And great ace attorney is kinda stuck on trying too hard to subvert the tropes of previous games at the cost of its pacing and logic.
Not really. It subverts certain gameplay structures like 2 day trials but writing wise it's just refining and expanding on tropes. "Pacing" is a buzzword in this case, as a lot of muh pacing is actually complaining about the game taking the time to convey the setting and characters. Take the very first case for example, you get a really strong feel for the turn of the century period, Japan's politics, a strong sense of red tape railroading Ryunosuke and how desperate his situation is. While also getting a thorough illustration at how much he is dreading the court, how out of his element he is and how strong his friendship is with Asogi. It works tremendously, seeing all the period items and looking at them closer feels fun and it doesn't just feel like "stock AA intro case" that you get over with as quickly as possible.

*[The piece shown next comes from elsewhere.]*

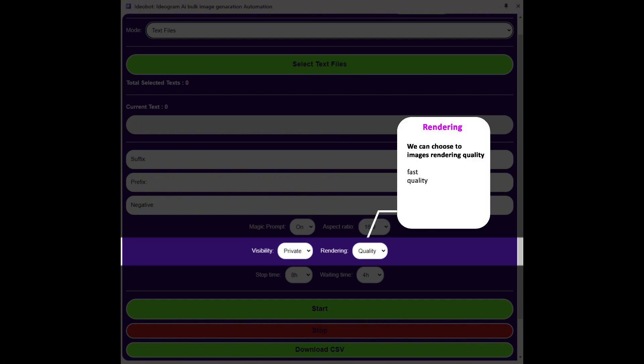We can choose the image rendering quality by the rendering button. We have two options: fast and quality. I suggest the quality option for better performance.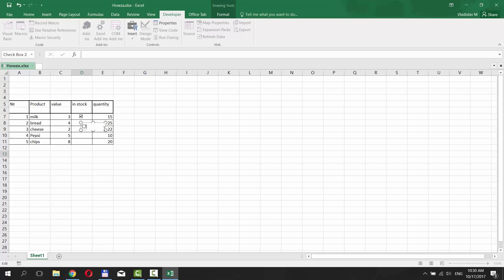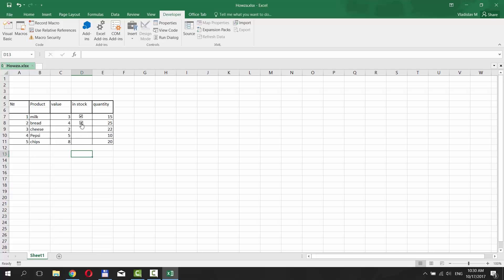Delete the words checkbox 2 and resize it to fit in your cell. Congrats! You've created a checkbox in Excel 2018.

Compare that to GAA2's first case which lacks this attention to detail and suffers greatly for it. Susato's involvement, her friendship with Rei, the setting and context for the crime are all lacking in substance because ADHD tards complained that GAA1 took too long. Here's your "pacing", it's bland and meh. Instead of a strong impression of the era left by the western style restaurant brought by a gentrifying city, the curio collector brandishing a valuable historical item and a soldier of the time period committing a crime after being left hung out to dry you get... a beach with a reed shack. Instead of curare and all it's context, you get "random poison we just made in a lab lol".
GAA2-1 is everything you claim to have wanted, and it is mediocrity carried by the novelty of Susato being the protag for a case because of it.
You have a long tutorial case where the murderer gets a away, a case with no trial because the victim died by accident, a case with no death, a case where the defendent might or might not be guilty, a case where the victim survived but there was also a different murder, etc
I used to love the game at first but in hindsight there was also some dumb bullshit, mostly on "the big twist" that was obviously written last second and the final villain.
It's more that you're overrationalizing stuff by it "obviously being last second". It's a bunch of shoulda woulda coulda + fanfiction. It's in your own head, and this is something you can do with every one of the games to then claim they're bullshit and bad. 3-5 is one of the most fondly thought of cases. It's also a collection of the dumbest people making the dumbest decisions and never getting called out for it. Why does it work though? Because it's in service of a satisfying conclusion to the Trilogy, that concludes everybodies stories.
That was clearly the plot since the first game. (Though the "resurrection" wasn't) It is literally the teaser for the sequel.
The games also kinda fumble the jury system, it had so much potential but they're all borderline supernaturally convenient (which could've been intentional but wasnt) and annoying to navigate, and they don't even appear in the second game finale.
The multiple witness system also isnt that explored, it really boilds down to you pressing until you see the [!] and ask the other witness to correct something which is just press with extra steps.
Hard disagree, the jury system was one of the highlights of the 1st game and sorely underutilized in the 2nd. Jurors tying into the cases in neat ways is just common sense writing, and the complaint is silly as you could say witnesses in other games are supernaturally convenient also. The complaint about the group testimonies is one I don't get, as it's both integrated into the basic cross-examination loop seamlessly and just a way to expand upon mechanics like pressing.
It's actually a way more refined system compared to Layton VS Ace Attorney, where all these elements first appeared.